Diciamoci la verità, la nostra è una società che il padre lo ammazza ogni giorno. Non col coltello come quella sciagurata di Elena Gioia ha fatto con suo padre. Non con le spranghe come Pietro Maso con i suoi genitori. Ma con la convinzione che la paternità sia una figura di cui si può fare anche a meno, tra genitori 1 e genitori 2, mammi, ideologizzazioni omicidiarie sfociate nella ridicola coniatura dell’orrendo femminicidio. Tantevvero che oggi si parla di “patriarcato” con un’accezione negativa e di matriarcato in maniera positiva. Si dimentica che la figura del padre, della sua mascolinità intesa come forza fisica necessaria per ridurre a miti consigli un adolescente riottoso al rispetto delle regole, resta fondamentale per instillare nel bambino prima e nell’adolescente poi la consapevolezza che esiste sempre, nella vita, qualcuno che è più forte di noi e che ci pone dei limiti, non rispettando i quali si va incontro a guai.
Elena Gioia ha ucciso il padre che intendeva estirparla da una relazione, come si è visto a fortiori, tossica e pericolosa liberandosi così del simbolo per eccellenza del divieto, dell’uomo che con la forza fisica del testosterone la obbliga a rispettare un NO.
Ma quel parricidio si è consumato ben prima, in un ambiente ormai intossicato dalla confusione di genere, dove i padri fanno i mammi e vengono castrati sin dall’infanzia da una tossica educazione matriarcale e da un femminismo che ambisce ad espellere il maschio dal consesso civile.

Oggi tutti quanti si scandalizzano per Elena Gioia ma sono tutti parricidi. Lo sono quando ambirebbero a stravolgere la naturale differenziazione sessuale sotto l’arma del ricatto morale sessista. Quando cercano di detestosteronizzare il padre, condannando la sua forza e accusandola di mascolinità tossica. Quando lo riducono a mammella da cui succhiare denari per garantire il tenore di vita di mogli viziate e inacidite, per poi costringerlo a vivere in un automobile dopo avergli portato via tutto.
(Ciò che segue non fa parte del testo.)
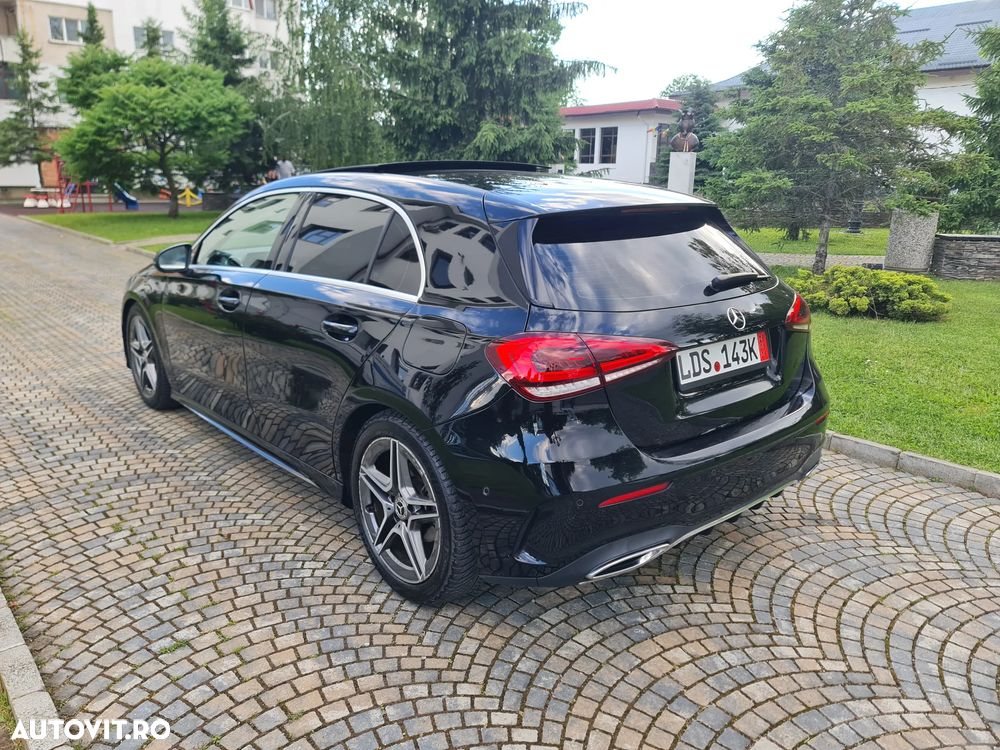 Mercedes-Benz A 180 d 7G-DCT AMG Line - 40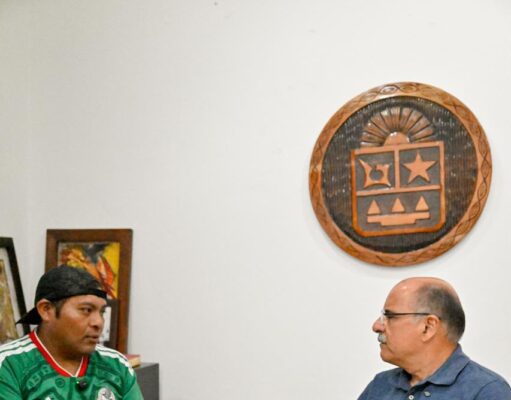 Gestionará Jorge Portilla apoyo laboral de trabajador en el Ayuntamiento de Tulum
E quando si costringe, con l’orrendo ddl Zan a non parlarne neanche più, sia mai che qualche gay si possa risentire.
Non scandalizzatevi. Elena Gioia ha sì ucciso il padre. Ma i mandanti sono tutti coloro che hanno deciso che la famiglia va distrutta, consumando un lento e quotidiano parricidio.
Non a caso, la giovine aveva anche la bandiera arcobalenata nel profilo. E, va da sè, qualche simpatizzante dell’Arcigay sicuramente troverà qualche scusa per giustificare quanto accaduto mentre, va da sè, se la figliuola fosse stata di Casapound o di Forza Nuova, si sarebbe accusato il sovranismo.
Fino al prossimo parricidio.

FRANCO MARINO

Un commento su “IL LENTO PARRICIDIO QUOTIDIANO (di Franco Marino)

  1. Sono d’accordo nella sostanza.
    Anche se io non ho mai sopportato quando da bambina mio padre ( ma anche mia madre ) mi ha picchiata.
    E per picchiata intendo schiaffi, non cazzottoni.